For the average Internet user, this news is not a cause for panic. No one is going to be breaking digital signatures or reading encrypted messages anytime soon. The electronic world is no less secure after these announcements than it was before.

But there’s an old saying inside the NSA: “Attacks always get better; they never get worse.” Just as this week’s attack builds on other papers describing attacks against simplified versions of SHA-1, SHA-0, MD4, and MD5, other researchers will build on this result. The attack against SHA-1 will continue to improve, as others read about it and develop faster tricks, optimizations, etc. And Moore’s Law will continue to march forward, making even the existing attack faster and more affordable.

Jon Callas, PGP’s CTO, put it best: “It’s time to walk, but not run, to the fire exits. You don’t see smoke, but the fire alarms have gone off.” That’s basically what I said last August.

It’s time for us all to migrate away from SHA-1.

Luckily, there are alternatives. The National Institute of Standards and Technology already has standards for longer—and harder to break—hash functions: SHA-224, SHA-256, SHA-384, and SHA-512. They’re already government standards, and can already be used. This is a good stopgap, but I’d like to see more.

I’d like to see NIST orchestrate a worldwide competition for a new hash function, like they did for the new encryption algorithm, AES, to replace DES. NIST should issue a call for algorithms, and conduct a series of analysis rounds, where the community analyzes the various proposals with the intent of establishing a new standard.

Most of the hash functions we have, and all the ones in widespread use, are based on the general principles of MD4. Clearly we’ve learned a lot about hash functions in the past decade, and I think we can start applying that knowledge to create something even more secure.

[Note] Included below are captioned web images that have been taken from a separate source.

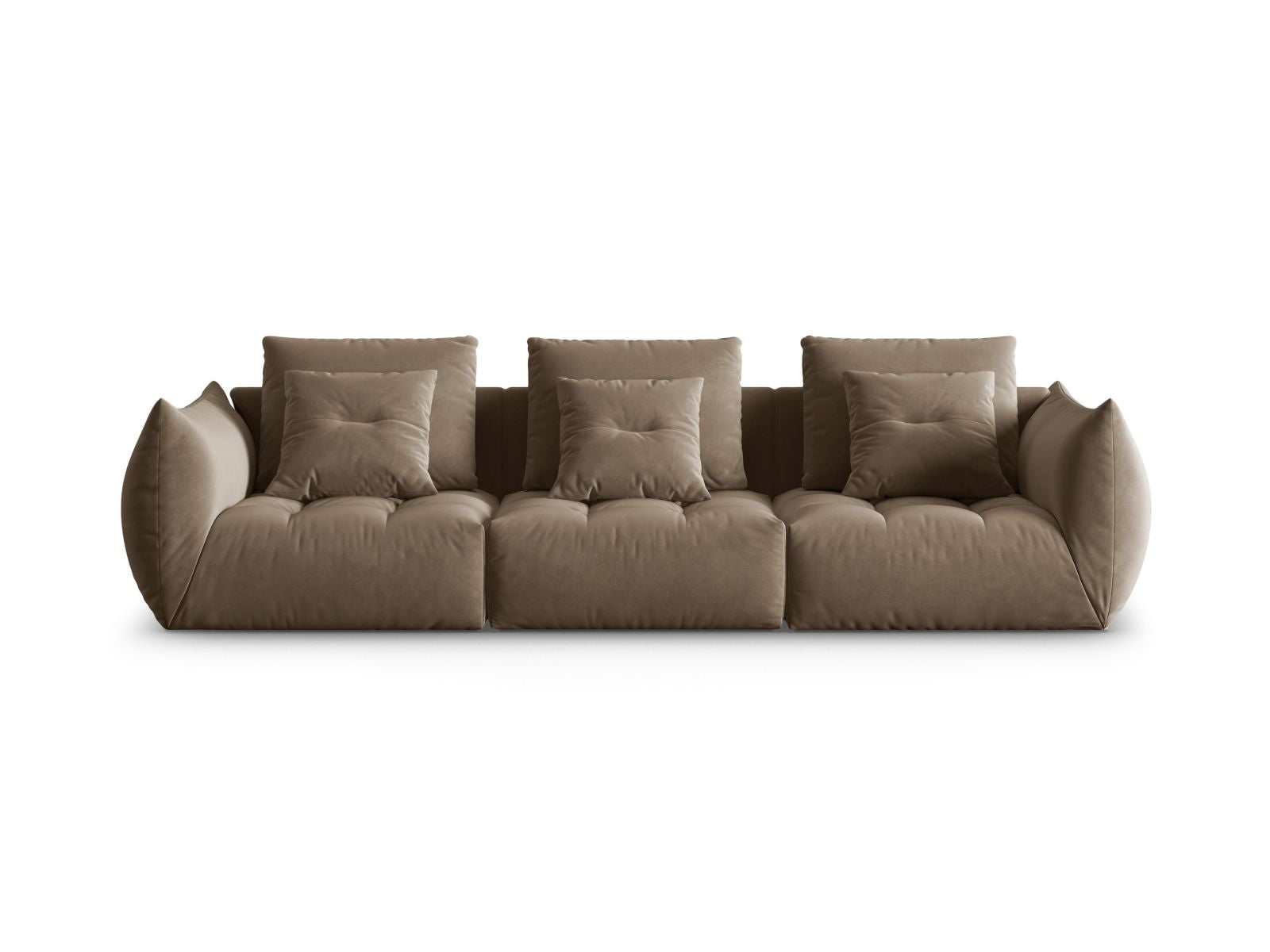Bloom Modular Sofa, 4 Seats, 327x107 cm — Light Brown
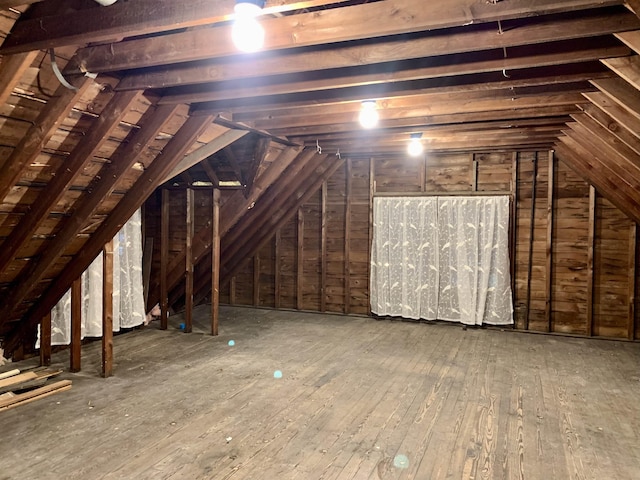 view of attic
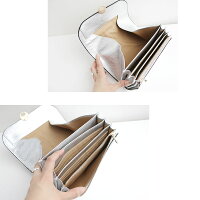 【2019SS】【送料無料】HashibamiハシバミラウンドフォルムメタリックウォレットバッグHa-1812-961【RCP】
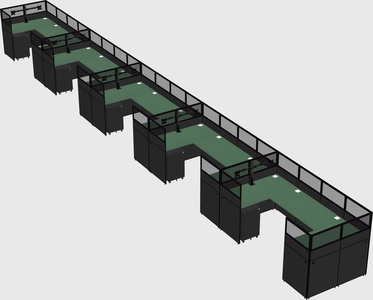 U-shaped cubicle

Hash functions are the least-well-understood cryptographic primitive, and hashing techniques are much less developed than encryption techniques. Regularly there are surprising cryptographic results in hashing. I have a paper, written with John Kelsey, that describes an algorithm to find second preimages with SHA-1 —a technique that generalizes to almost all other hash functions—in 2^{106} calculations: much less than the 2^{160} calculations for brute force. This attack is completely theoretical and not even remotely practical, but it demonstrates that we still have a lot to learn about hashing.

It is clear from rereading what I wrote last September that I expected this to happen, but not nearly this quickly and not nearly this impressively. The Chinese cryptographers deserve a lot of credit for their work, and we need to get to work replacing SHA.